Bulan Ramadan: Ikhtiar Menahan Laju Kiamat

Kolom Hikmah

Bulan Ramadan: Ikhtiar Menahan Laju Kiamat

Ishaq Zubaedi Raqib - detikHikmah
Jumat, 21 Feb 2025 19:15 WIB
Ishaq Zubaedi Raqib
Foto: dok. pribadi Ishaq Zubaedi Raqib
Jakarta -

Kiamat pasti tiba. Kedatangannya tidak akan lama lagi. Tinggal menghitung hari. Ia sudah sangat dekat.

Bahkan, orang-orang sudah pernah bertanya kepada Nabi,

"Manusia bertanya kepadamu (Muhammad) tentang hari Kiamat. Katakanlah, 'Ilmu tentang hari Kiamat itu hanya di sisi Allah.' Dan tahukah engkau, boleh jadi hari Kiamat itu sudah dekat waktunya." (QS: Al-Ahzab: 63)

SCROLL TO CONTINUE WITH CONTENT

Soal kapan tiba, hanya Allah yang tahu. Tuhan memberi kita isyarat.

Isyarat paling jelas adalah dipilihnya Muhammad SAW sebagai nabi terakhir. Nabi Akhir Zaman. Khatamul Anbiya'--Penutup Para Nabi. Sejak kepergiannya ke Ar Rofiqul A'laa (Nabi wafat), wahyu Allah terputus. Malaikat Jibril As. tidak lagi turun ke langit dunia.

ADVERTISEMENT

Kiamat tinggal menghitung hari. Ketika Tuhan bertanya berapa lama manusia tinggal dalam kubur, mereka menjawab, "Kami tinggal (di bumi) sehari atau setengah hari, maka tanyakanlah kepada mereka yang menghitung." (QS:Al Mu'minun:113).

Jika kiamat tinggal menghitung hari, lalu berapa lamakah itu? Jawabannya sama, cuma Tuhan yang tahu. Satu yang pasti, karena perbedaan dimensi, maka satu hari dalam rumusan ilmu pengetahuan manusia tidak akan pernah sama dengan satu hari versi ilmu Allah.

Ketika para durhaka bermohon agar azab bagi mereka disegerakan, Allah menjawab, "Dan sesungguhnya sehari di sisi Tuhanmu adalah seperti seribu tahun menurut perhitunganmu." (QS:Al-Hajj:47).

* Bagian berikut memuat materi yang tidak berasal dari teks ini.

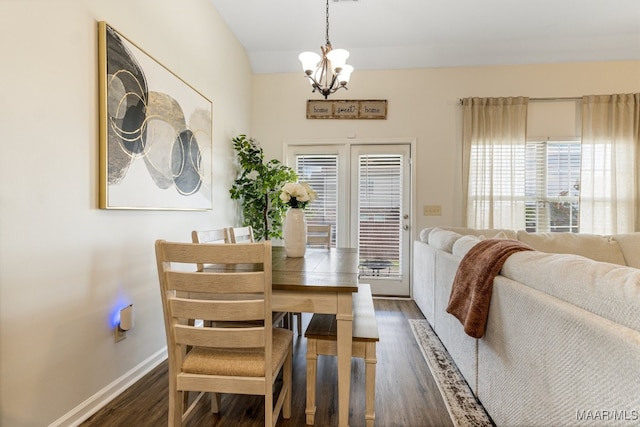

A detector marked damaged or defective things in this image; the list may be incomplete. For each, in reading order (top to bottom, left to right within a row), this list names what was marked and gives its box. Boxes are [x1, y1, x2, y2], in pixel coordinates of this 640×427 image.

rust throw blanket [448, 241, 532, 338]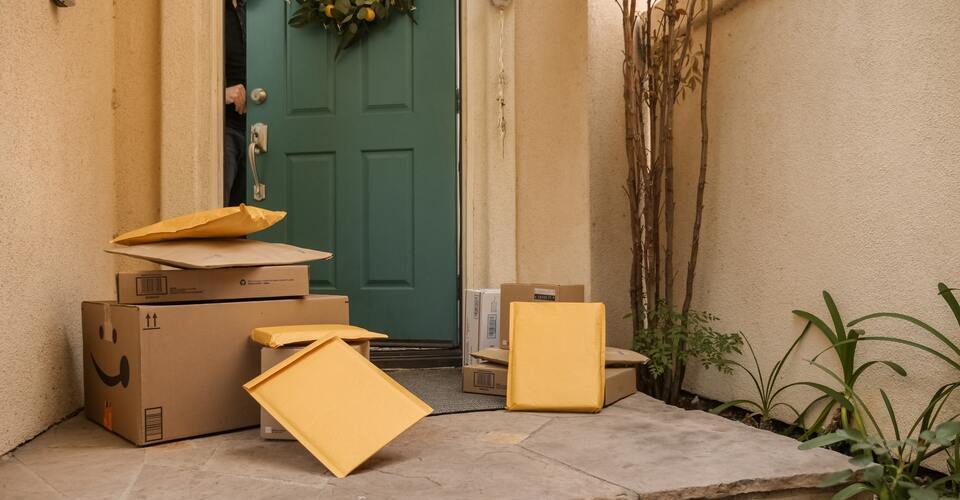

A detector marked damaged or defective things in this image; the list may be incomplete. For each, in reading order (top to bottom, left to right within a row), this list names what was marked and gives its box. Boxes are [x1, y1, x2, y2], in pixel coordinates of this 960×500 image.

torn padded envelope [249, 324, 388, 348]
torn padded envelope [244, 336, 432, 476]
torn padded envelope [506, 300, 604, 414]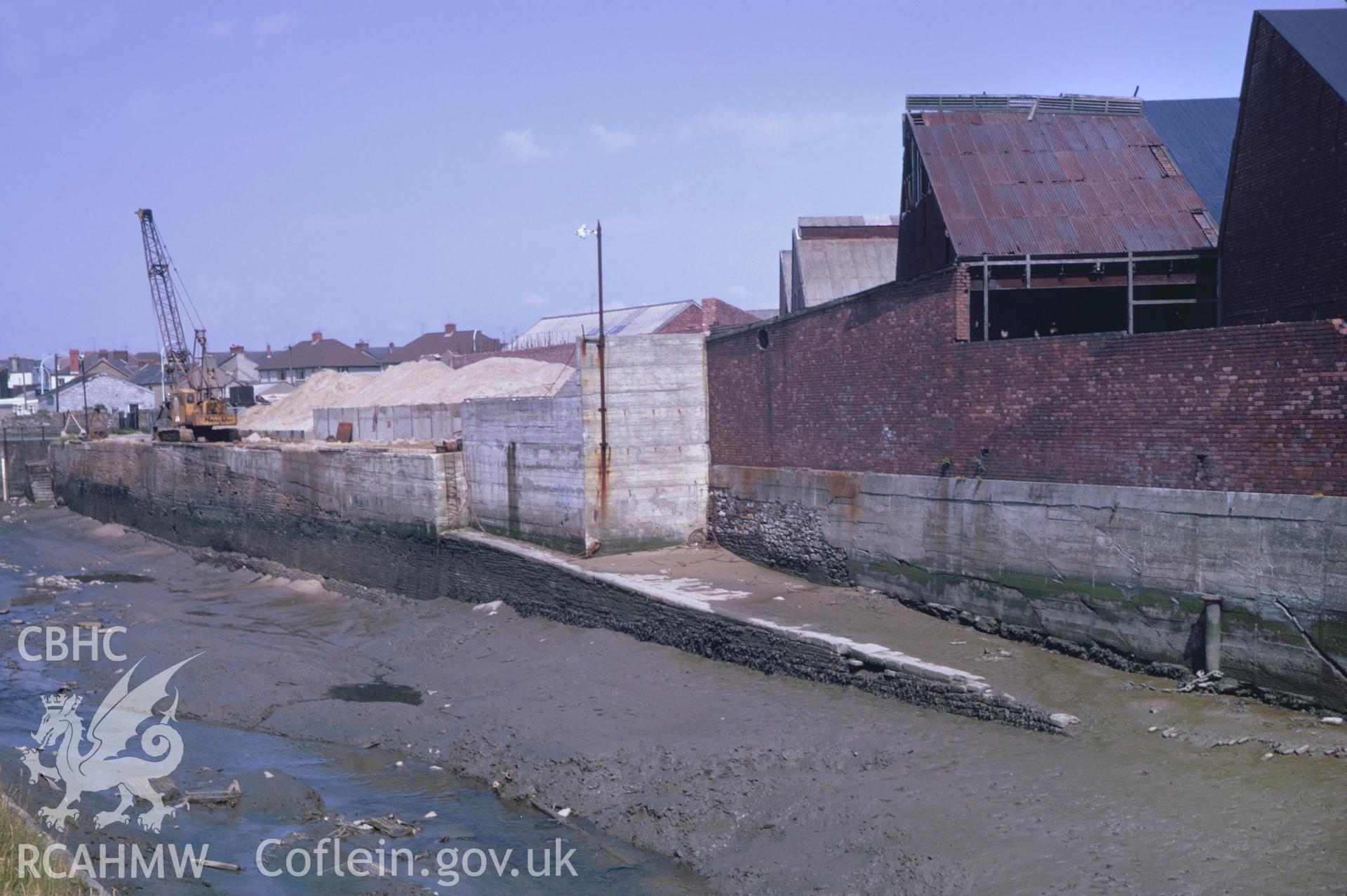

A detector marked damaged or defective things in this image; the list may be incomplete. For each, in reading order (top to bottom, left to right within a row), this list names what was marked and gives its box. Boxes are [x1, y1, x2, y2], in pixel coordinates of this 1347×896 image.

rusty corrugated metal roof [910, 111, 1217, 258]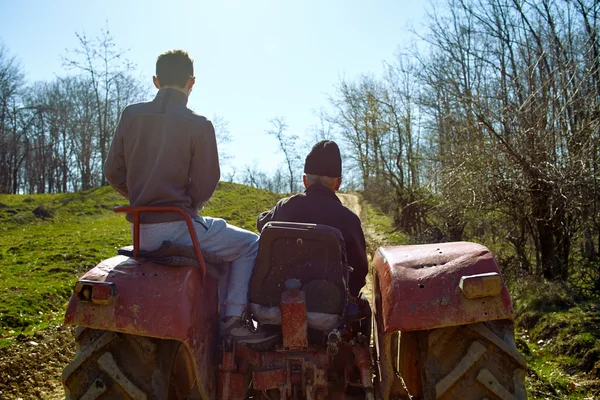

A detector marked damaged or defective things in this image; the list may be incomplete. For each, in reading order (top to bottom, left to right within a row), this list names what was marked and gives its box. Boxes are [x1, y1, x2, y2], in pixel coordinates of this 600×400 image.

rusty metal fender [64, 256, 219, 400]
rusty metal fender [372, 242, 512, 332]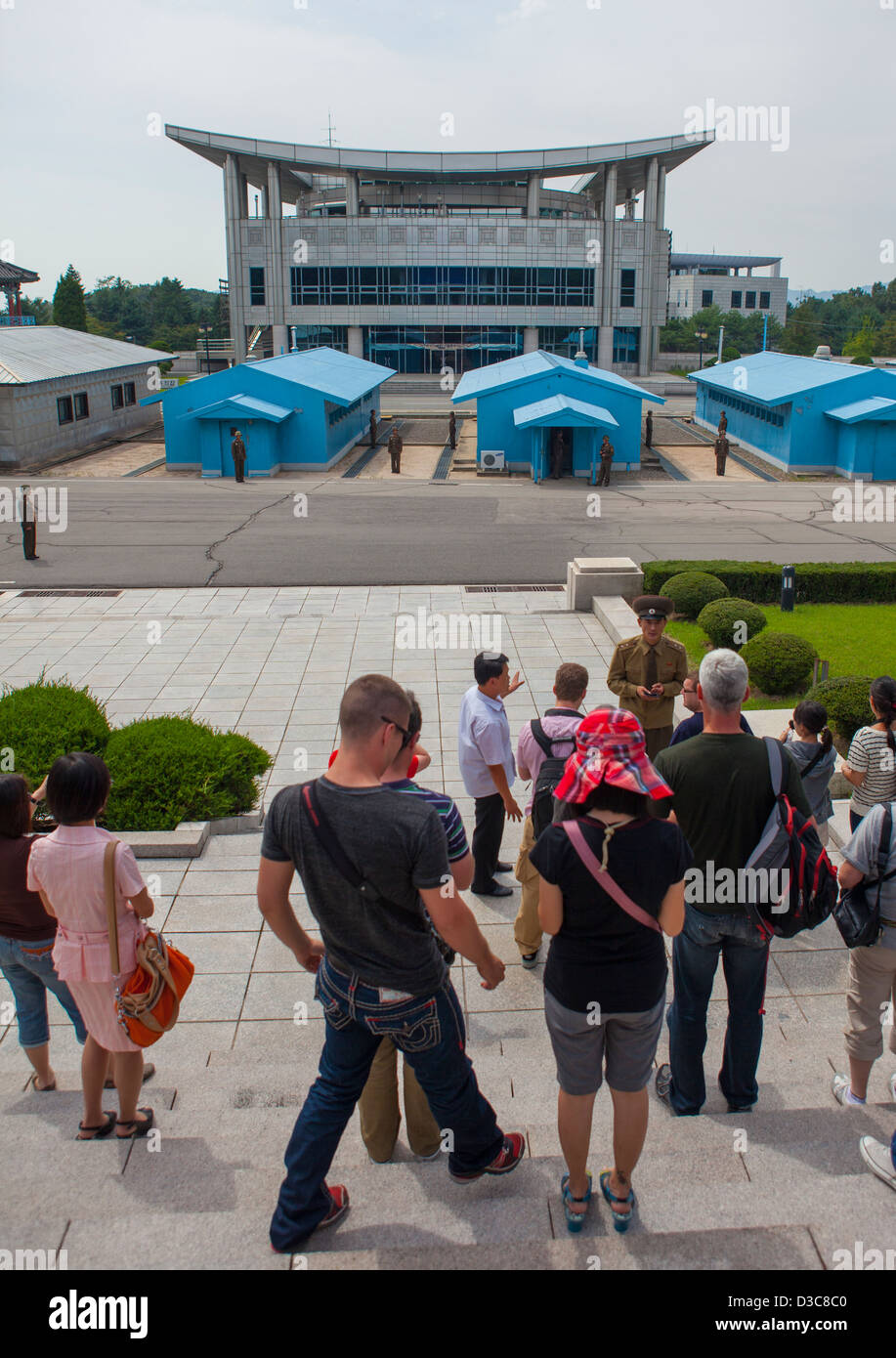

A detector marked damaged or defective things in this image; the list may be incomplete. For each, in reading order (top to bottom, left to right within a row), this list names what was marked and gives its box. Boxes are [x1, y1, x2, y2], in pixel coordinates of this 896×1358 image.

pavement crack [203, 493, 294, 589]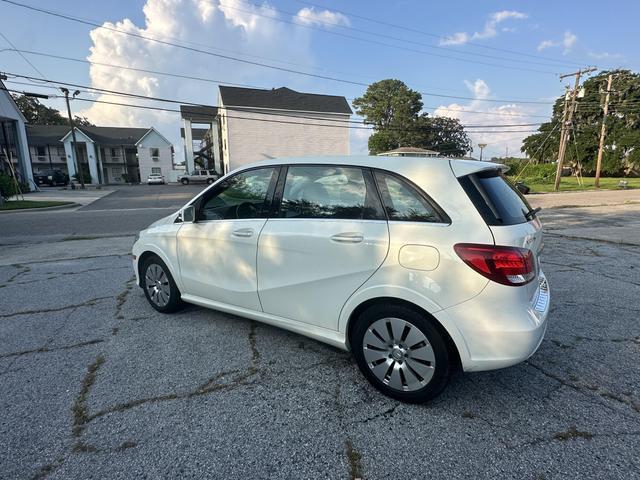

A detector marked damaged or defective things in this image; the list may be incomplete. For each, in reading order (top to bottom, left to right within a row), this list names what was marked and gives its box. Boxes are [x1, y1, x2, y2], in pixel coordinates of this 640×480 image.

pavement crack [0, 296, 111, 318]
pavement crack [0, 338, 105, 360]
cracked pavement [0, 204, 636, 478]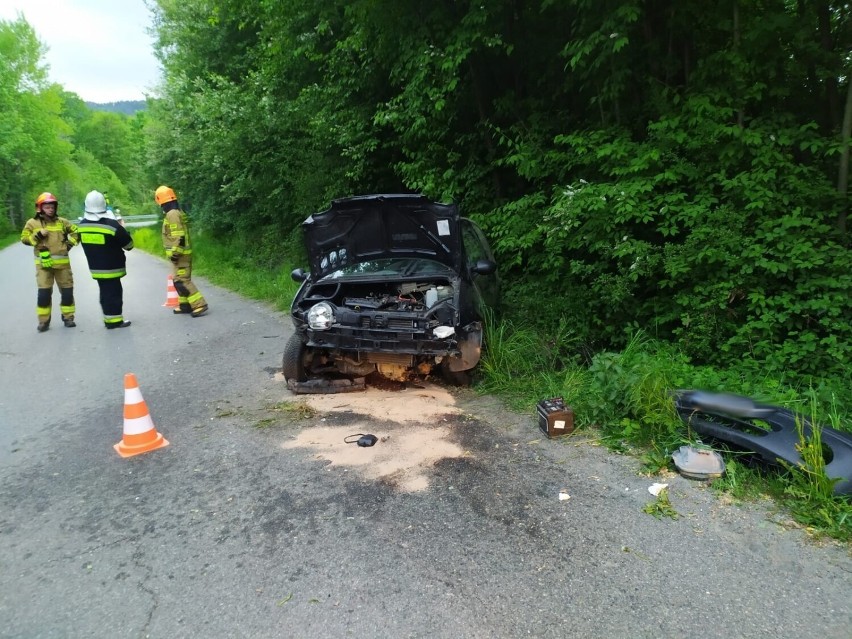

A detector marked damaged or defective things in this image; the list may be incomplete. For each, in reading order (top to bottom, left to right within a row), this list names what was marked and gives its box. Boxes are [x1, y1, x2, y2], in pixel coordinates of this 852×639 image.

damaged black car [284, 192, 500, 392]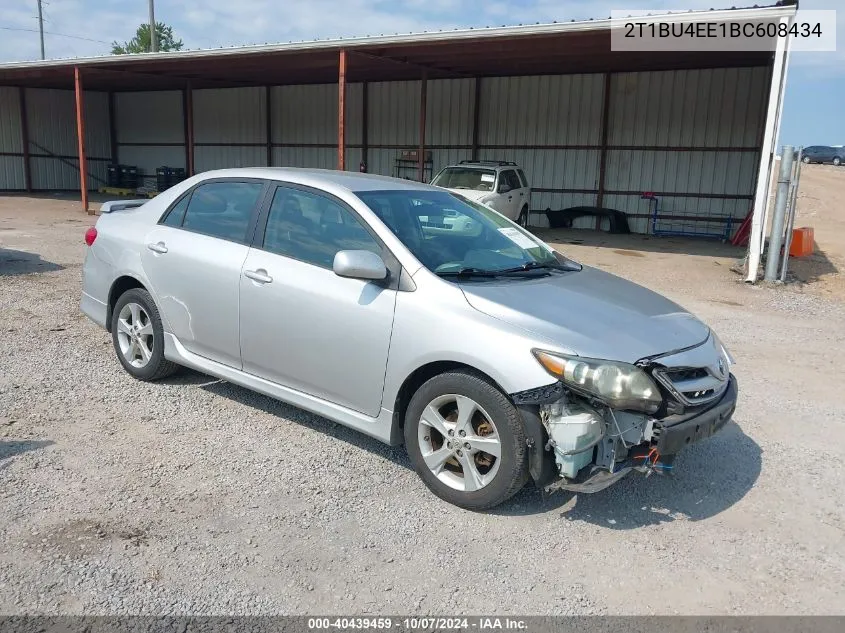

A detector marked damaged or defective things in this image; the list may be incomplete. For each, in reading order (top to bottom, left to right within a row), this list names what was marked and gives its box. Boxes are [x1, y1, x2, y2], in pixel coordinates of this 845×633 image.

cracked headlight [532, 348, 664, 412]
damaged bumper [520, 372, 740, 492]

Dalam ayat lain, Allah menyebut ukuran satu hari akhirat sama dengan 50 ribu hari di dunia. Kiamat adalah super misteri dan hanya Allah yang tahu dan menetapkan. Sehari bisa seribu (1000) tahun atau sama dengan lima puluh ribu (50.000) tahun.

"...dalam sehari setara dengan lima puluh ribu tahun." (QS:Al Ma'arij:4).

Bisakah kiamat dipercepat atau diperlambat, cuma Allah yang kuasa. Makhluk hanya berikhtiar. Dan kita mencoba memperlambat laju kiamat dengan Ramadan. Apa bisa?

Ramadan Tiba

Bulan itu datang lagi. Tidak pernah ingkar janji. Ia berputar dari ujung timur, bergerak menuju ufuk, lalu tenggelam. Ia datang menabur harapan dan terbenam membawa catatan amal manusia. Ia bukan malaikat, tapi jelas ia tak pernah menyelisihi amar Tuhan. Ia rutin berotasi dan berevolusi. Ia patuh menjalankan tugas sejak awal penciptaan dirinya. Persis triliunan makhluk luar angkasa lain yang rutin dan tiada pernah berhenti berputar.

Itulah bulan. Itulah bulan Ramadan. Persis bulan-bulan lainnya, sekawanan 12 jumlahnya, Ramadan jadi tanda kekuasaan Allah SWT. Seperti sudah jadi ketetapan-Nya, Ramadan diamanahi Tuhan memanggul tugas "lebih" dalam mengurus makhluk, yang hidup maupun yang mati, dibanding sebelas bulan lainnya.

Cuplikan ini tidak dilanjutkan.